Graffiti near the Selaron Staircase
Blog Post Type: Expert Opinion Piece
When I rode into Rio de Janeiro, a bit jet lagged and groggy, the city startled me to attention. What was going on? There was artwork everywhere. Huge murals covered walls and sides of buildings. Small caricatures sprang out of doorways and bus stops. This was unlike any graffiti I’d ever seen and for good reason.
Rio de Janeiro Graffiti Legalized
Photo: Matthew Beattie via Trover
Almost 20 years ago taggers were everywhere and no buildings were safe from their wild flair in Rio de Janeiro. Graffiti covered the city in a chaotic mash of color and texture. In a decidedly Brazilian way, the city leaders held a colorful competition. They choose 35 graffiti artists to showcase their local styles and in 1999 the “Nao pixe, grafite” (Don’t tag, graffiti) project was born. Ten years later they went a step further and legalized graffiti with a caveat, the artwork had to be approved by building owners.
And so today as visitors enter the city the results surround them. Streets are embellished with huge murals, smaller pieces pop out of doorways and lintels. The work is stunning and yes, some tagging remains, marring at best or outright ruining the work sanctioned by neighborhoods, but they’re in the minority.
Sanctioned graffiti near the Botanical Gardens
Building owners who might not be able to afford to beautify their spaces benefit. The commissioned art prevents tagging and it builds pride into neighborhoods. Some artists are rightly proud of their work, signing walls and inviting viewers to their Facebook galleries.
Brazilian graffiti art is considered among the most significant strand[s] of a global urban art movement, and its diversity defies the increasing homogeneity of world graffiti. – Design Week
Street art in Rio de Janeiro is currently having its “moment.” Rio’s street artists are being invited to leave their mark on foreign cities. Graffiti artists from around the world are coming to the city to show their work and get involved in the Carioca (adopted) movement.
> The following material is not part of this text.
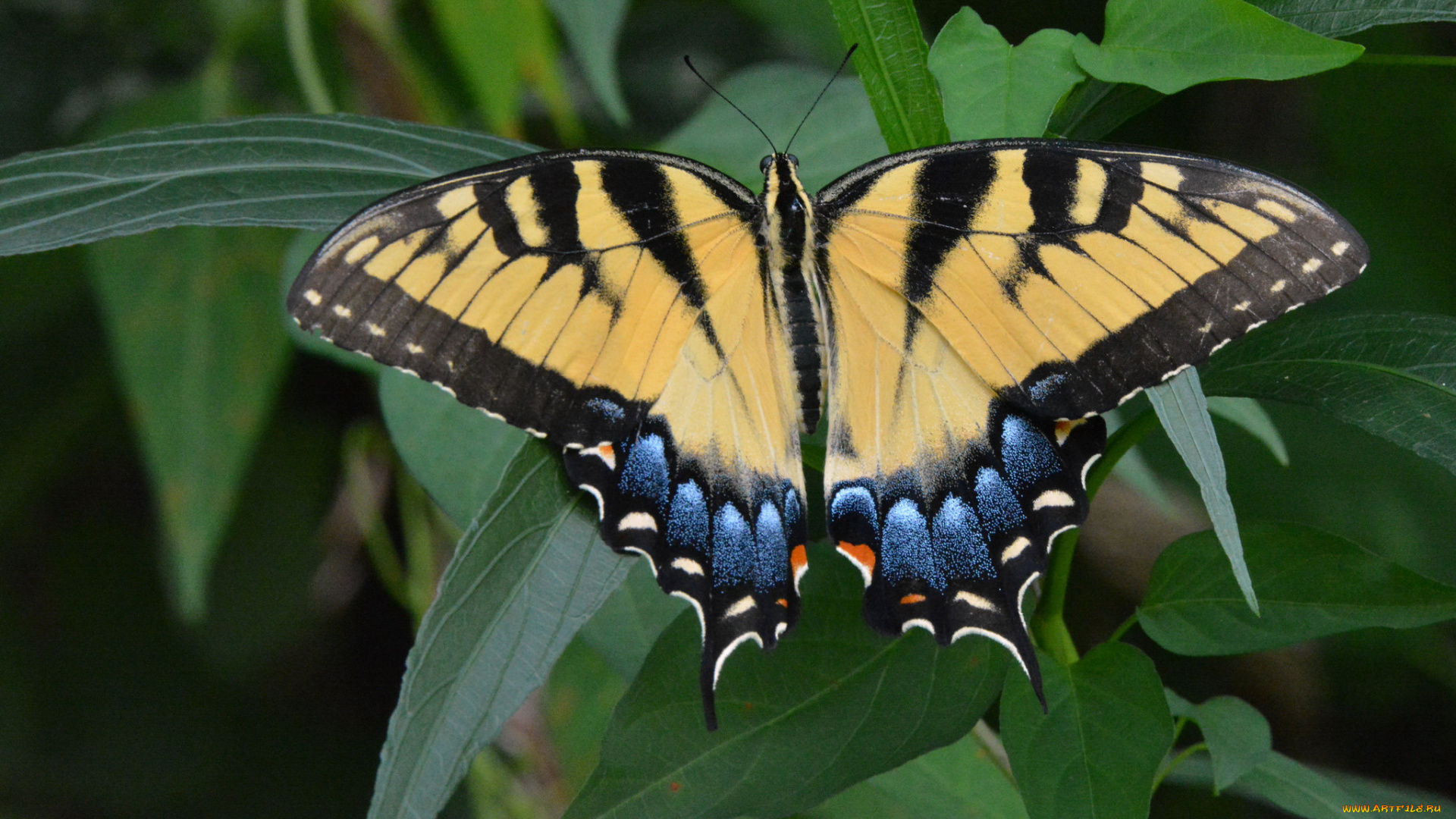 животные, бабочки, , мотыльки, , моли, бабочка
A popular photo stop – the Selaron Staircase
One of the proudest pieces is rendered in a more substantial medium than paint and spray. The Chilean tile artist and painter, Jorge Selaron, adopted Rio as his home. A world traveler, Selaron gathered tiles and pieces from his journeys. He scavenged construction and building demolition sites. Nearly penniless in 1983, he moved into rooms on the steep hillside above the raucous neighborhood of Lapa. Music streamed out onto the streets. The district was rife with bars, brothels and beggars when he began the biggest project of his life. It transformed him and the neighborhood. He became famous for signing his work with his huge mustache and a pregnant belly. At first it’s shocking but perhaps that was his intention. Selaron was concerned about the future of Brazil and especially its women.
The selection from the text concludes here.